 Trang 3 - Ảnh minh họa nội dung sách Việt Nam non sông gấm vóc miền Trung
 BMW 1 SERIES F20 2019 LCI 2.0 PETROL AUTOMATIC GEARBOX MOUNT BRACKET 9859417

--

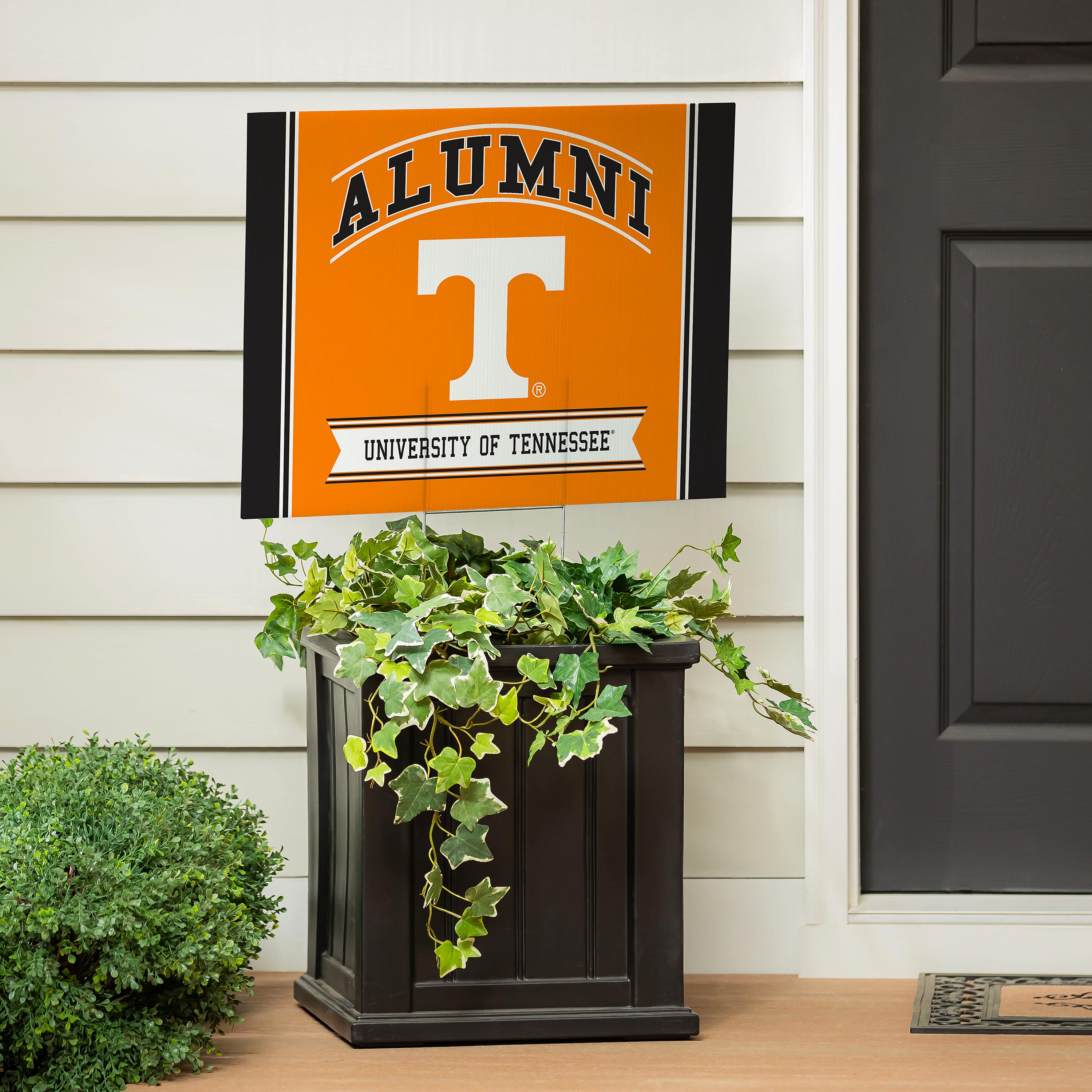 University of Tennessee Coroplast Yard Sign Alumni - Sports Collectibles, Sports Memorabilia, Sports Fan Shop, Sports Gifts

Your instructions: Please give again the lines above between the line holding "Trang 3 - Ảnh" and the line holding "BMW 1 SERIES", inclusive, exactly as they are and with nothing added.

Answer space:
 Trang 3 - Ảnh minh họa nội dung sách Việt Nam non sông gấm vóc miền Trung
 BMW 1 SERIES F20 2019 LCI 2.0 PETROL AUTOMATIC GEARBOX MOUNT BRACKET 9859417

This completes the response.